DO WE MISS WHAT WE NEVER HAD ?



DO WE MISS WHAT WE NEVER HAD?
On the face of it the question looks superfluous. Yes, of course we always miss what we never had. But why?  Barring, perhaps for food, we do not really need anything, else not clothing, not even shelter. Early humans lived liked that. Animals still do. A new born child also does.
These days  Chitrgupta Park, my walking abode, is getting face lift.  Daily wagers have  parked there in the vacant land, living with their families in make shift plastic huts they have built for themselves. While they are busy in working in the park or other daily chorus, their kids move around in tattered clothes laughing or crying unmindful of the fact that there exists a world totally different from theirs where there is everything that a human can aspire for comforts. They do not miss any of these comforts because they have not had it so far, that is.
These kids have never experienced those comforts and may never will. Like their parents they will also grow up, toil as laborers, have families and their kids too will also be moving in tattered clothes unmindful of modern day comforts. It will be only during those growing up years that they will envy those who enjoy a life that they will never have and sooner than later they will, like their parents will accept it as their fate. They will then never miss those comforts because they never had it and will never have it.

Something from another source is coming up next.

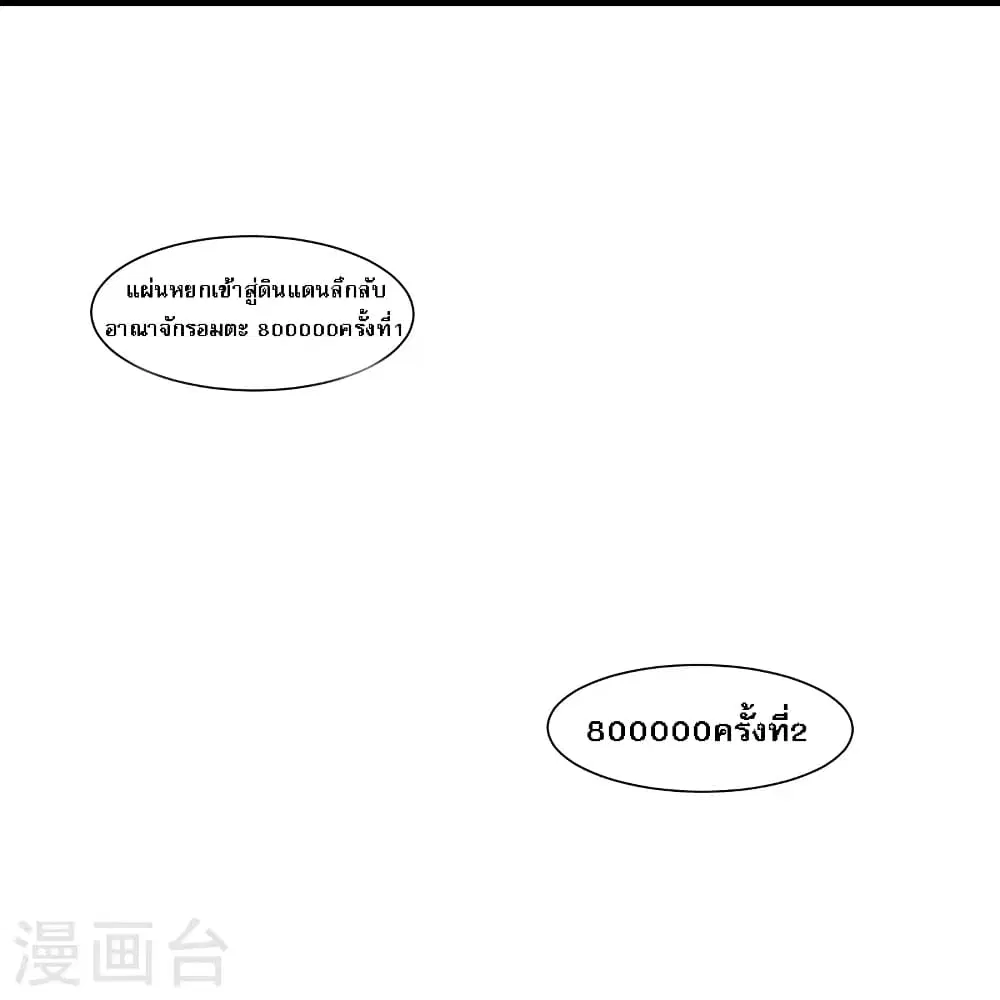 My Harem is All Female Students ตอนที่ 144 หน้า 5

It therefore appears that we miss only what we had. The more we had, the more we miss. The less we had, the less we miss. The more we miss, the more envious we are of those we who have. The less we miss the less miserable we are. Outwardly it may look that those we have less are more miserable but the opposite is more true. On closure look the ‘haves not’ seem to be laughing their way all the time and the ‘haves’ grumbling most of the time.

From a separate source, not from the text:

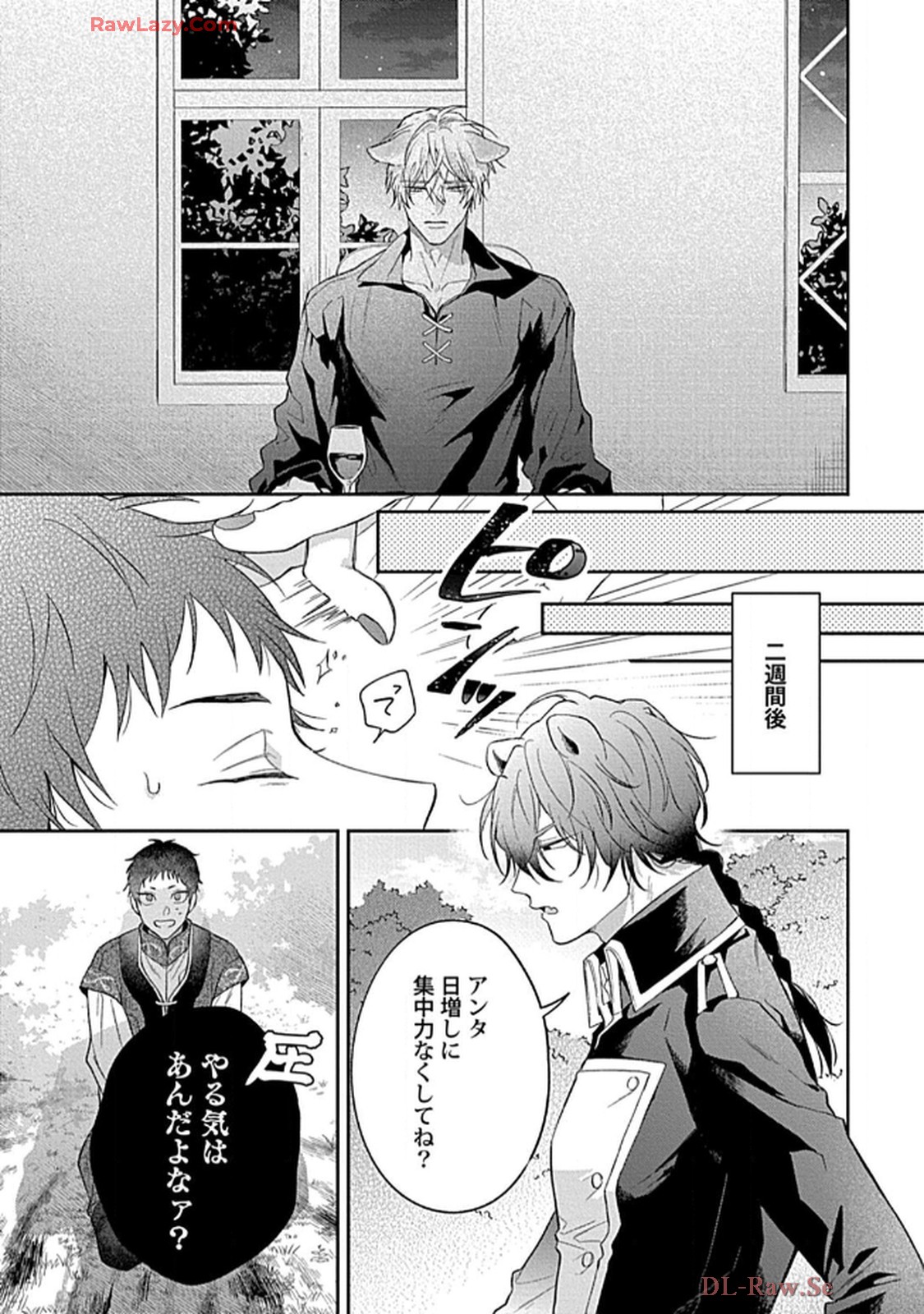 こっち向いてグレア - raw - 第9話 - https://jppp.jjkk.to/jppp/06200448/d05c2uneprx.jpg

The true happiness lies in cutting down on our needs and sticking to the bare minimum.
At contrast to the daily wagers above,  I know such a couple who lived in all comforts till their fifties and have now settled in a village cut off from the hurly burly of town and city life, with a thatched hut with bare minimum possessions, growing their own food in the farm they have purchased, no electricity, no fridge, no gas connection and only a BSNL mobile connection to keep in touch with the outside world.  They seem to be quite happy.